Sun Dec 2nd through Sat the 8th, 2018 at Palais des Congrès de Montréal
This paper develops multivariate information measures in fairly general probability spaces based on Bayesian Networks. The references include a variety of references on multivariate and conditional information theory, although some related work has appeared at NIPS in recent years, such as  and other work by the authors of . The reference list and prior art sections appear to be adequate, though explicit pointers to a set of papers prototypical of the \Sigma H paradigm would be useful. The extension to multivariate information measures is an original advance in the context of prior literature, and highlights some defects in prior literature (lines 180-183). The paper is well written overall. I feel like the technical content and style of this paper is more suited to a statistics or information theory venue, like IEEE Transactions on information theory, in line with many of the references presented, but is still within the purview of NIPS. Figure 3 is useful in the context of describing the proposed estimator. The presentation of numerical results in Figure 2 should include some confidence intervals for the estimates for better comparison of methods. The selection of experiments seems sufficient in Section 5, though calling your estimator GDM or something rather than "mixture" may make it a bit clearer. Update: Re-scored in light of author's responses and reviews.

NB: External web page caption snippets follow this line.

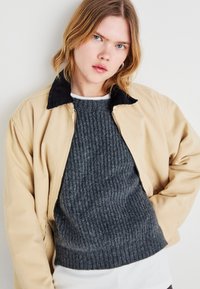 Weekday BELLE WASHED JACKET - Veste mi-saison - dusty beige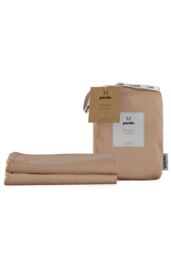 Panda London 100% Bamboo Pillowcases in Dusty Pink - thumbnail 1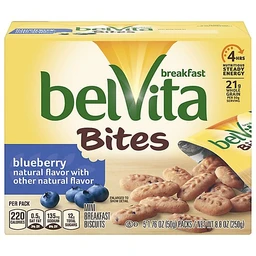 BelVita belVita Bites Mini Breakfast Biscuits 5ct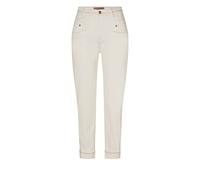 MAC Jeans Mac Damen Jeans Rich Carrot, Light Authentic Denim 0389l261090 Weiß 34-26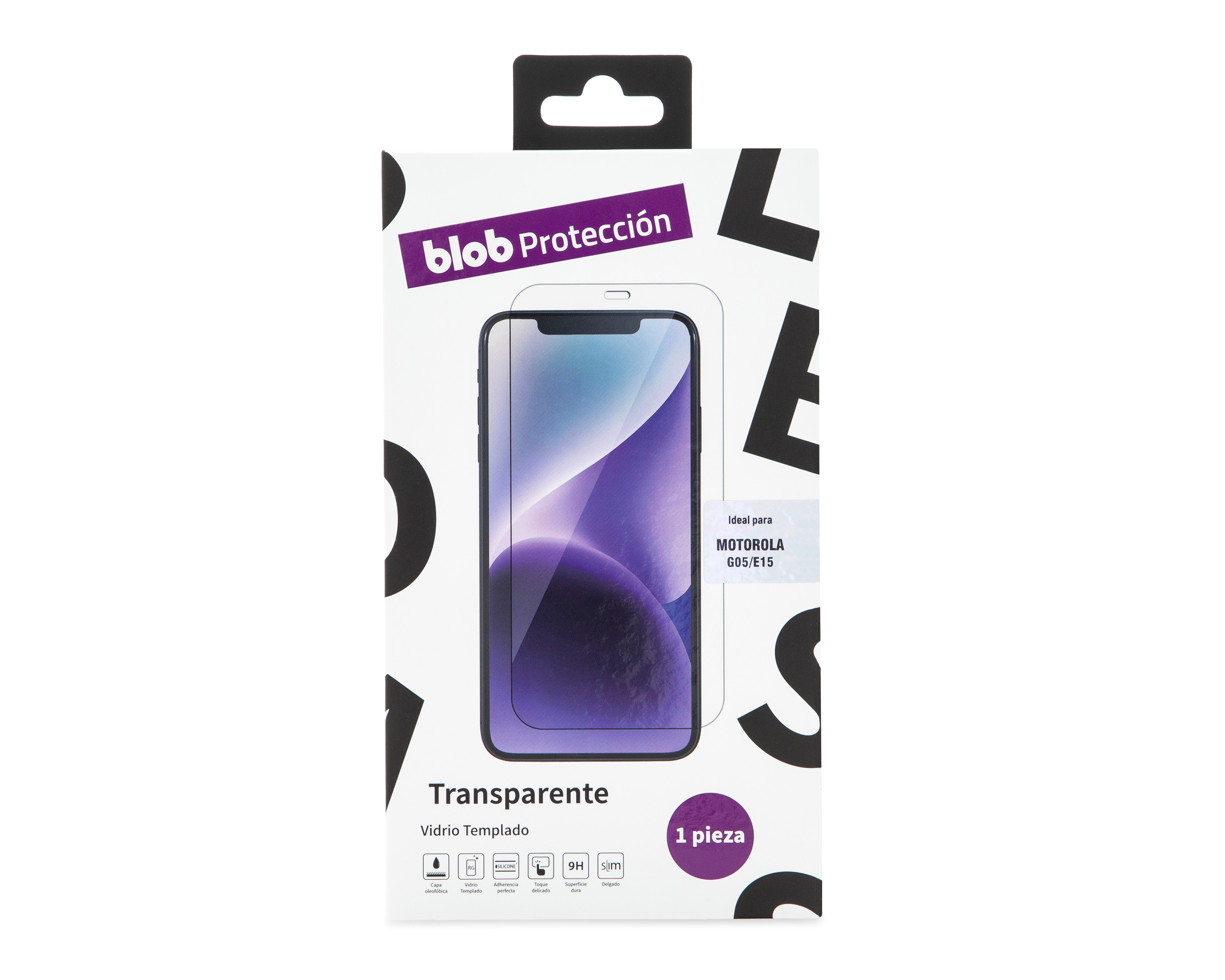 Protector de Pantalla Blob para Motorola Moto G05/E15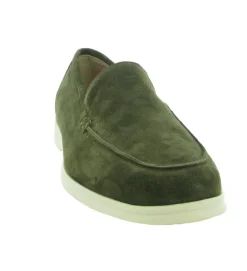 mocassins - Elégant - homme - Nubuck - Vert - Bs brunos
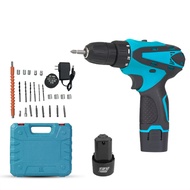 Cordless Drill Set Portable Electric Drill Set Cordless Hand Cordless Tools Power Electric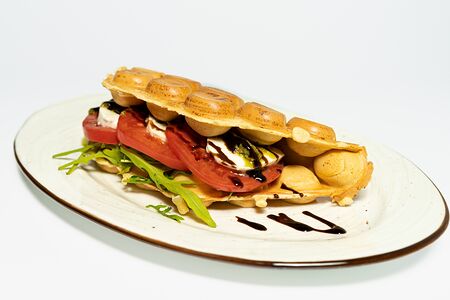 Вафля Капрезе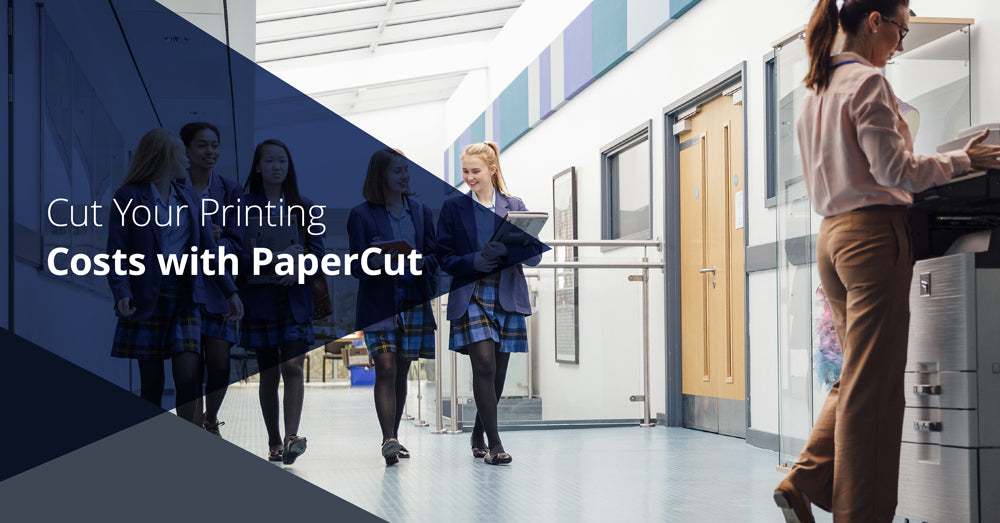 PaperCut Solutions being used in the education sector to cut printing costs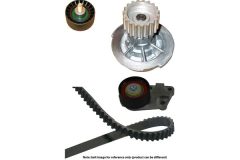 KAVO PARTS DKW-1007 — Комплект ремня ГРМ с помпой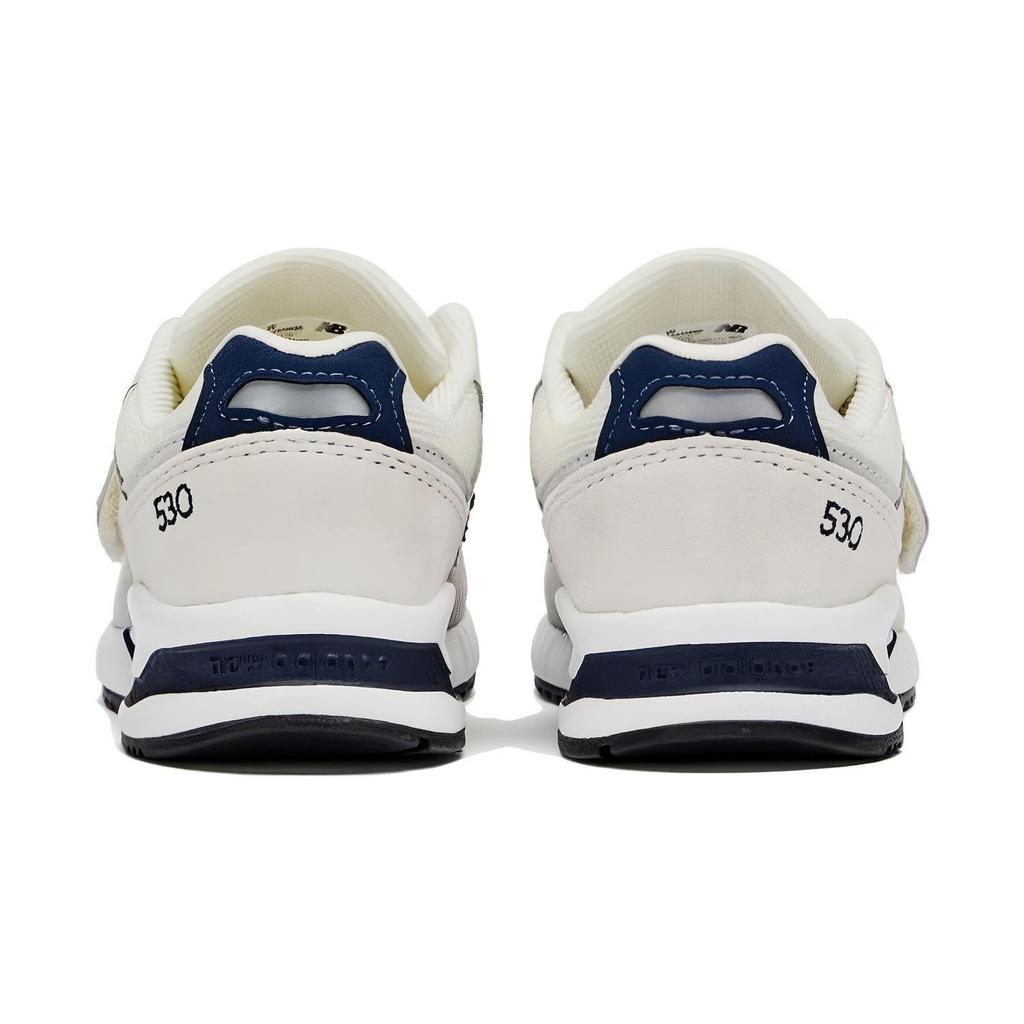 New Balance NB 530 Dämpfung Atmungsaktiv Niedrig geschnitten Kinder Lifestyle Schuhe Hellgrau Kinder im Alter von 3 7 Jahren KV530SRP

This paper introduces consistent estimators for several information theoretic quantities, given access to iid samples from the underlying distribution. Known estimators impose very stringent assumptions on the underlying distribution (finite support or underlying density etc.), while the major thrust of this article is to introduce a method which is valid fairly generally, and has guarantees under minimal assumptions. I believe the problem to be of significant importance, and very well-aligned with the interests of this community. The paper is very well written, motivates the problem in very clear terms, and proposes a fairly general solution. The authors provide a very succinct summary of the state of the art, and compare their proposed procedure to other alternative and existing estimators through extensive numerical experiments. As a comment, I request the authors to also discuss situations where the Assumptions (L209) are violated, and scenarios where their estimator might be expected to behave poorly.
This paper considered the problem of estimating (multivariate) mutual information from the i.i.d. drawn data samples. While this problem has been rather extensively studied in the literature recently, most current methods focus on estimating entropy/differential entropy and then use them to build a plug-in estimator for mutual information. Apparently, this method does not work for general probability spaces with mixed value components. This paper proposed a new angle of viewing (multivariate) mutual information as divergences between a given distribution and a graphical model structure. The most important advantage of the proposed angle is that the Radon-Nikodym derivative is guaranteed to exist and thus the divergences are well defined for general probability spaces. The authors then proposed an estimator to estimate such divergences based on the coupling trick used to construct the well-known KSG estimator and proved the consistency of the proposed estimator. The paper is well organized and well written. In my opinion, the technical innovation is sufficiently novel for publication. My main complaint about this work is that just like the KSG estimator, the computational complexity of the proposed estimator is very high, especially for multi-dimensional distributions. This limits the applicability of the estimator in practice.